In the main missions, meanwhile, there's a notable attempt to improve the sense of variety. Rather than cram in one linear brawl after another until the inevitable boss encounter, greater attention has been paid to the game's pacing. The emphasis on character development during each of the dozen chapters is particularly noticeable, with numerous missions devoted entirely to dramas at the orphanage, while other sections task you with fleeing from or chasing after assailants rather than battering them into submission. While it's true that certain sections outstay their welcome, this unhurried ebb and flow is something you grow to appreciate.
Inevitably, combat still provides the main thrust of the gameplay, and a few tweaks have also found their way into the otherwise-familiar melee fighting system. A few more Heat moves have been included, while the ability to craft and repair your own weapons helps give you the edge during the really intense encounters. Although at its heart, Yakuza 3 is still the same uncompromisingly brutal mix of punches, kicks, grabs and blocks it always was, with a basic RPG-style experience system underpinning the level and variation of attacks.
Although this brand of uber-violence can be supremely satisfying when it's at its most bone-crunchingly brutal, it's not without its foibles. Despite being wonderfully accessible, you tend to get inexplicably locked between opponents' attacks, which still rankles, and fight strategy is limited, mostly boiling down to mashing buttons until you can unleash one of the gratuitous head-smashing Heat moves (although there's still nothing quite like throwing a bicycle at a downed opponent and then jumping full-force at their face).
The problem isn't so much the combat itself, but that Yakuza 3 doesn't know when to leave you alone. Being spammed with random brawls when you're trying to get from A to B is tedious, and if there was a means of switching them off it would be a more pleasurable game to play in general. It's not as if the game's exactly lacking for combat anyway, and with all the extra distractions that have been added the chances are you'll be caught out more than ever by pointless random battles.
What's really likely to irk fans though is SEGA's decision to chop parts from the Western release entirely.
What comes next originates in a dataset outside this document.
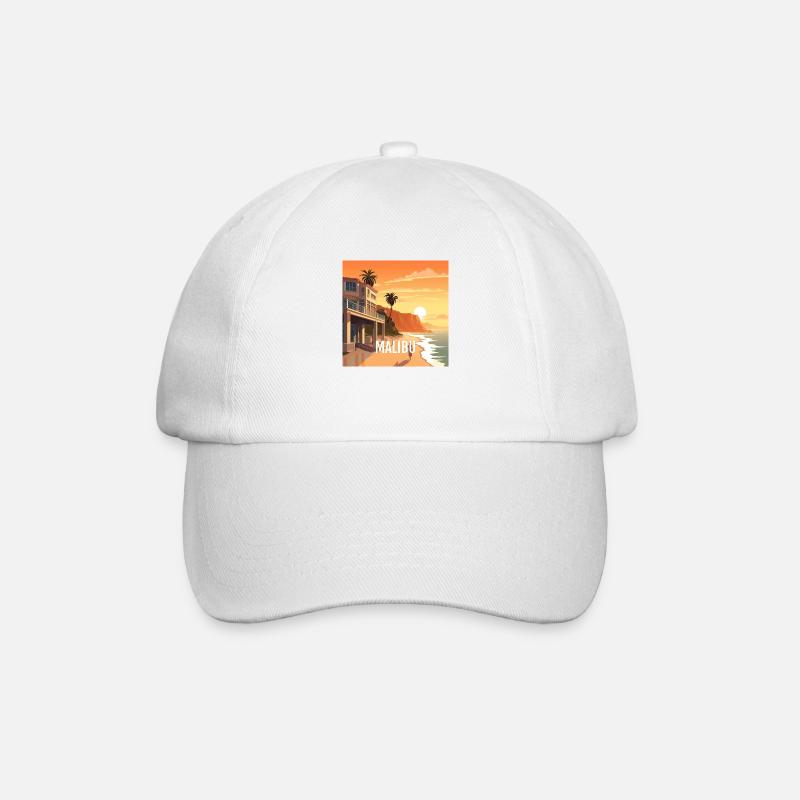 Malibu at sunset - Baseball Cap - white/white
Having already admitted that you'll no longer be able to groom hostesses in cabaret bars, it's irritating to discover that you can't engage in the hilarious erotic massage mini-game either, where Kiryu has to keep his rising excitement under control while images of scantily clad ladies waft past.
The omission of Mahjong, Shogi Chess, and the Answer X Answer trivia game is hardly a big loss, but it still leaves a bad taste in the mouth, especially given that both previous Yakuza games were translated without ditching any of the more obscure elements of Japanese culture. Maybe poor sales figures in the West for both titles convinced SEGA that it wasn't worth the additional effort.
Still, in SEGA's defence, it has got a point when says there's enough great content to satisfy Western audiences. Even playing through the main missions will take a minimum of 15 hours, while the addition of around 100 side quests easily doubles that tally. Factor in the innumerable additional challenges, and the free DLC bundled with the game, and it will be hard to feel short-changed.
For a game that could well have been overlooked for a Western release entirely, the removal of a few minor elements, while frustrating, is a small price to pay. What remains is a relentlessly enjoyable action-RPG, which offers a unique insight into Japanese culture despite its exaggerations. The Western version of Yakuza 3 might have suffered a few heartbreaking cuts, but it's still intriguing at every turn and shouldn't be missed.